I’m mid thirties, single, wishing I wasn’t and living in a place I’ve wanted to move from for the last year. I own the place and have done for five years, the house is nice but on the edge of a not so nice location outside birmgham...bought so I could hop on the train to work. The last few months I’ve really noticed how shit the area is (it’s not terrible but it’s not a place you want to stroll out of your house and go for a walk..it’s busy) and I have no ties to the area itself...just a tie to Birmingham centre for work where I go in when I please really. My work is computer based so I can do it anywhere.
I took the plunge and put my house on the market last week and now I’m panicking thinking what I am doing, I don’t even know where to go!! I feel like I’m unhappy here but have no real reason to go somewhere else which is quite depressing!
Options are:
- Keep the house, rent it out and move to London and kick the career life even harder, get a better paid job (I’m on good pay already so not desperate for that). The London life seems exciting in some ways but I’m 36 next year and more than fancy restaurants and career opportunities, I much more want to settle down. I don’t fancy city life as I used to live in centre of Birmingham so have sort of done that, but London is an exception as it would be something different I guess.
- Move to another outskirts of a city, but I would literally be upping sticks to Leeds, Manchester, Nottingham, places I don’t actually know anyone and starting from scratch.
- Move further north to the midlands but in a town or village rather than a city. I have a few distant friends in Derbyshire as I grew up there, but again no firm ties except my small family who are elderly.
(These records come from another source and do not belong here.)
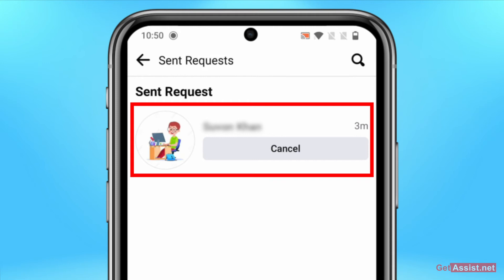You will see this 'Cancel' button, and you will also see how much time, like when did you send them that request. You will also see the time if you have sent that request one year ago or six months ago or just a few hours ago.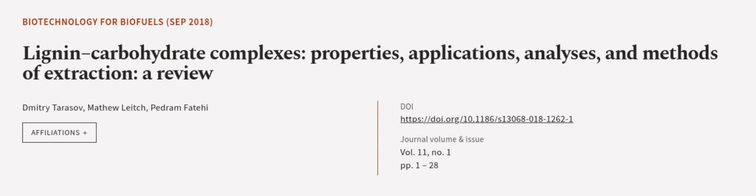This article was authored by Dmitry Tarasov, Matthew Leach, and Pedram Fartehi.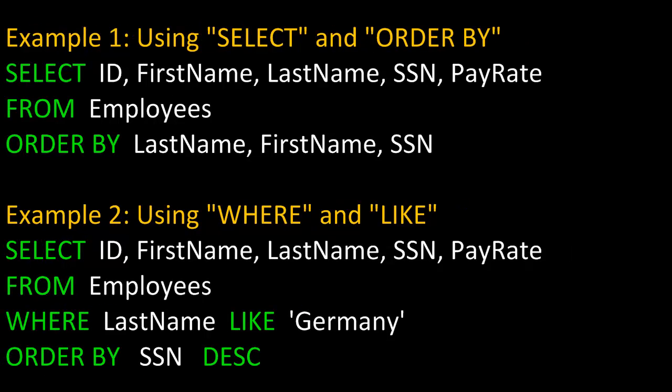As part of our review of SQL, let's go through a couple of examples. In these examples, the SQL keywords are in green, and database tables and field names are in white.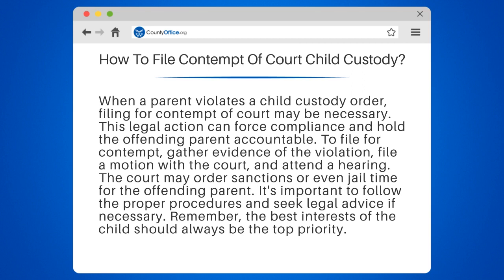To file for contempt, gather evidence of the violation, file a motion with the court, and attend a hearing. The court may order sanctions or even jail time for the offending parent. It's important to follow the proper procedures and seek legal advice if necessary.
I’d be within distance of a few cities so wouldn’t be out on a limb like in Liverpool and would have more areas to choose to work.
- Disappear to the south to some remote area by the sea.
- Stay where I am and don’t rock the boat just because I’m bored and being a bit bratty. I know a few people in Birmingham but they’re al through work and not firm friends. My friends are scattered all over the country.
Abroad does not appeal.
What would you do? I wish I was with a partner and there was a reason to be somewhere in particular!